REPUBLIKA.CO.ID, DENPASAR -- Aktivitas vulkanik Gunung Agung di Karangasem, Bali semakin tidak stabil. Status gunung api tersebut dinaikkan dari level dua (waspada) ke level tiga (siaga).
"Terhitung 18 September 2017, pukul 21.00 WITA, status Gunung Agung dinaikkan dari level dua (waspada) ke level tiga (siaga)," kata Kepala Pusat Vulkanologi dan Mitigasi Bencana Geologi, Kasbani, Senin (18/9).

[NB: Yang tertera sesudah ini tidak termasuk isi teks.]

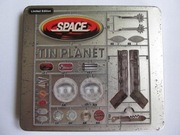 SPACE - TIN PLANET (CD-ALBUM) Steelbox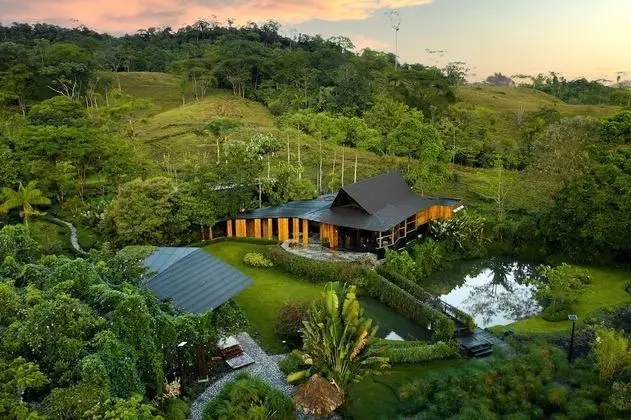 Ecolirios Boutique Hotel and Spa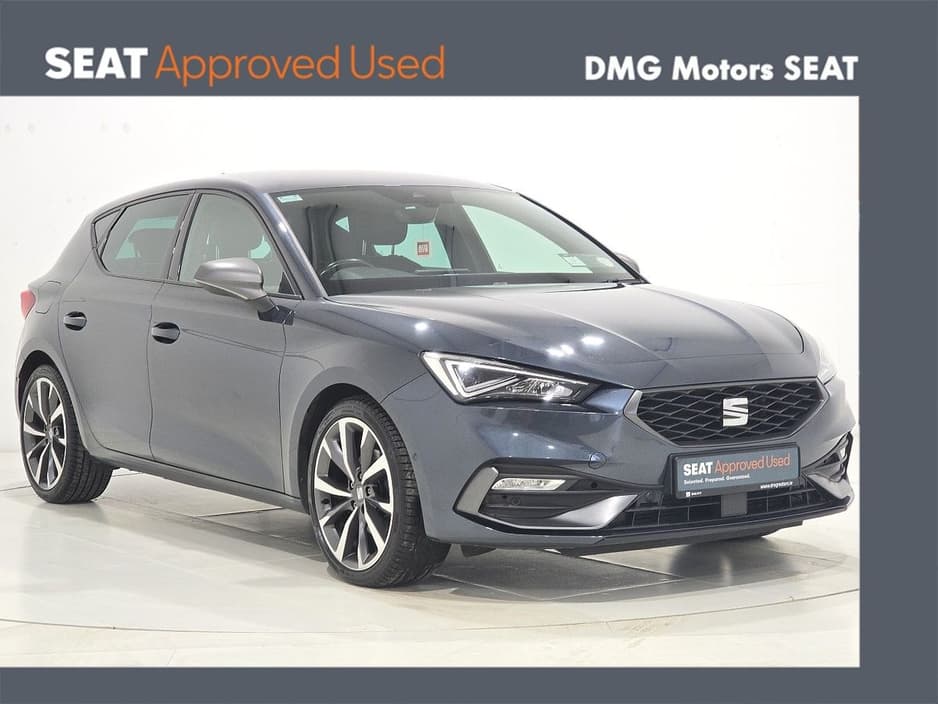 2020 SEAT Leon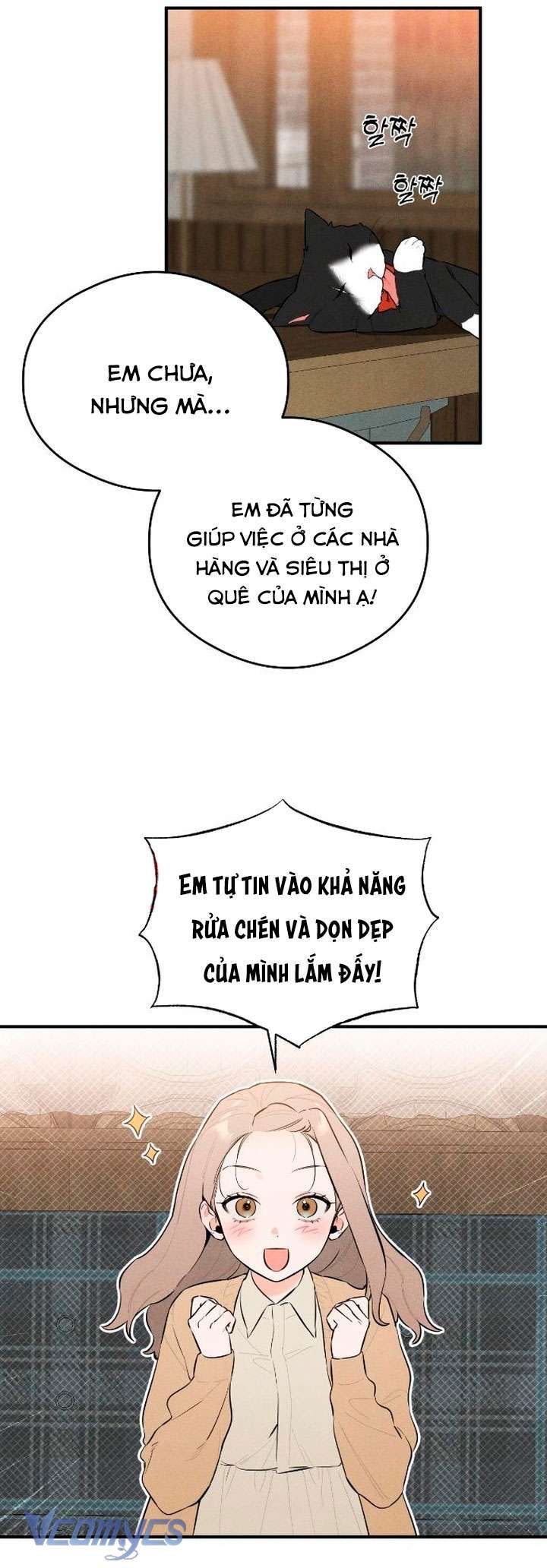 [18+] Mong Ước Của Ác Quỷ Chapter 1 - Page 57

Asap kawah utama terlihat dengan ketinggian maksimum 50 meter dari atas puncak, bertekanan lemah dengan warna putih berintensitas tipis. Tim juga melihat percikan api pascagempa sekitar pkul 19.02 WITA. Pascakenaikan status Gunung Agung ke level waspada, yaitu 14 September 2017-18 September 2017, pukul 20.00 WITA, tim merekam dua kali gempa tremor nonharmonik dengan amplitudo enam milimeter (mm). Lama gempa berlangsung 480 detik.
Alat juga mencatat terjadi 18 kali gempa vulkanik dangkal, 355 kali gempa vulkanik dalam, sembilan kali gempa tektonik lokal, dan tiga kali gempa tektonik jauh. Gempa terasa dengan magnitudo Md.3.11 terekam pukul 19.02 WITA di Pos Pengamatan Gunung Api (PGA) Agung di Desa Rendang.
Kasbani mengatakan pengamatan visual Gunung Agung dari pos menunjukkan adanya hembusan solfatara dari dasar kawah setinggi 50 meter dari bibir kawah. Gempa vulkanik dalam yang mengindikasikan proses peretakan batuan di dalam tubuh gunung api akibat tekanan fluida magmatik dari kedalaman mulai terekam meningkat jumlahnya secara konsisten sejak 10 Agustus 2017. Jumlahnya terus meningkat.
Masyarakat di sekitar Gunung Agung, pendaki, dan wisatawan juga diharap tetap tenang dan waspada. Kasbani mengatakan jangan sampai terpancing isu tentang erupsi Gunung Agung yang tidak jelas sumbernya.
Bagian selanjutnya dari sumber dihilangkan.